A company named Lapka has created an accessory for the iPhone, which has been dubbed as a ”personal environment monitor”. The program is designed to gather data, such as humidity, temperature, radiation and electromagnetic frequencies, and also claims that it can check whether or not one’s food is organic. For around a couple hundred dollars, consumers, food safety advocates and worried mothers will be able to insert an adapter into their iPhone, and the device’s sensors will activate when the user inserts a metal probe into her food to check for nitrates.
Nitrates are chemical compounds commonly found in inorganic fertilizers. A small amount of ingested nitrate is converted into nitrite in the human body, and an excess of this can cause a dangerous disorder that reduces the blood’s ability to carry oxygen. A precursor of excess nitrite in the human system, or nitrite toxicity, can be low stomach acid. Common conditions associated with low stomach acid include asthma, hepatitis, food allergies and gallstones.
Babies are also at risk for nitrite toxicity, because the enzyme responsible for the body’s conversion of nitrate into nitrite is at its highest in infancy. High nitrite ingestion, whether through direct ingestion, or as a result of the conversion of nitrate to nitrite in the body, has also been implicated in anemia and cancer.
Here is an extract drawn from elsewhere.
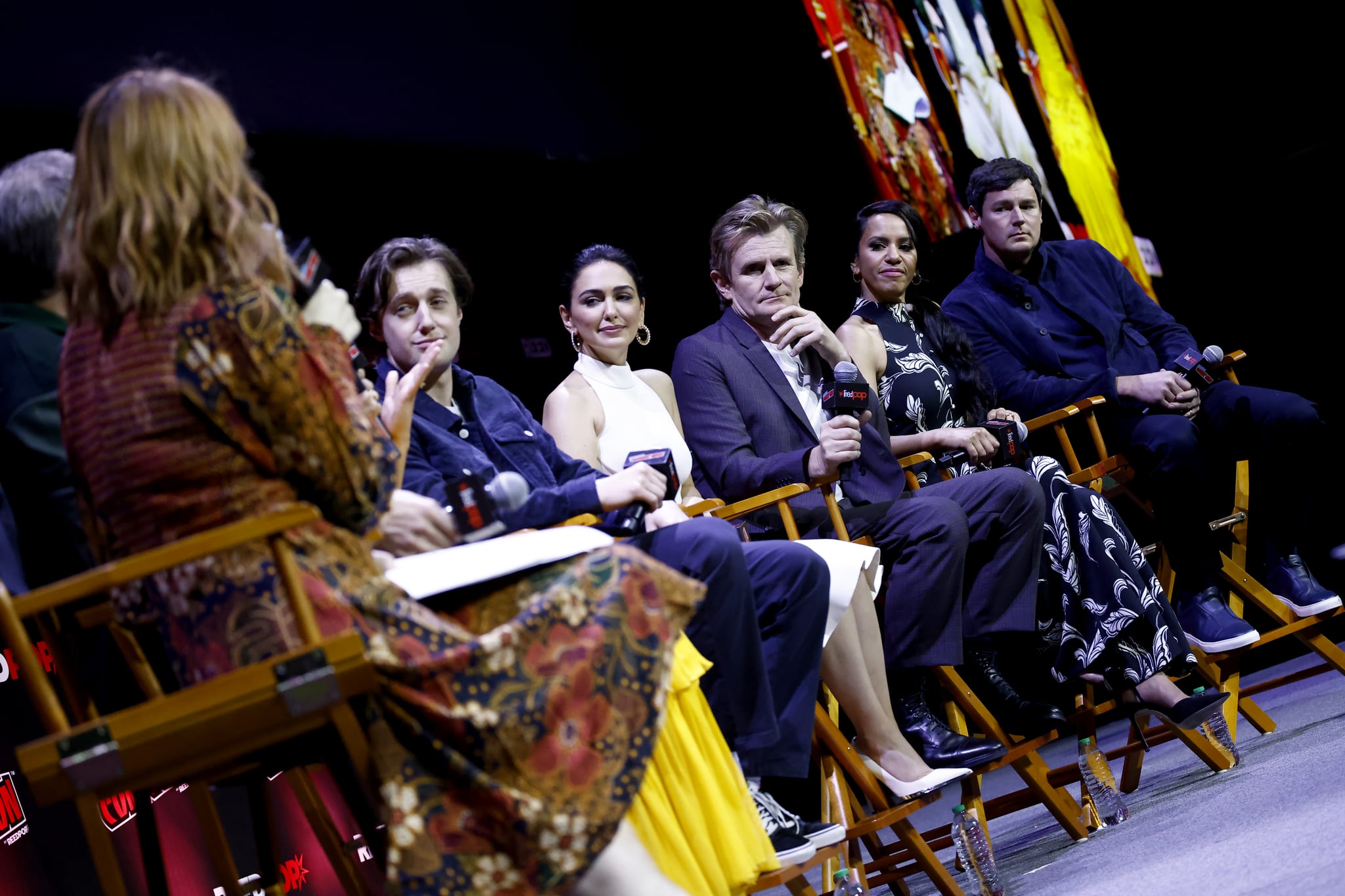 NEW YORK, NEW YORK - OCTOBER 07: (L-R) Felicia Day, Leon Wadham, Nazanin Boniadi, Charles Edwards, Sara Zwangobani and Benjamin Walker speak onstage at 'Prime Video Presents : The Lord of The Rings: The Rings of Power' panel during New York Comic Con 2022 on October 07, 2022 in New York City. (Photo by Paul Morigi/Getty Images for ReedPop)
Nitrate can also decompose to create the gaseous molecule nitric oxide. A larger than average amount of nitric oxide has been found in the cerebrospinal fluid of multiple sclerosis patients. Although the higher than average levels haven’t been directly implicated in MS, these levels can be considered distinct and unusual enough so that those living with multiple sclerosis may wish to monitor their nitrate consumption for possible effects on their condition.
This new Lapka plug-in has many uses for the health-conscious, as well as for those affected by chronic health issues; but the invention also appeals to the merely curious as well. For example, temperature readouts show how normal the weather is where the user is located. Another feature, danger screens resembling a red pool, show when an area has dangerously high levels of radiation. A smart analogue component takes into account the reader’s location, then advisory prompts explain the next steps to take.
Whether one is living with a serious medical condition, wishes to protect a vulnerable loved one, monitor food allergies, or simply understand one’s environment better, this new plug-in is a great idea.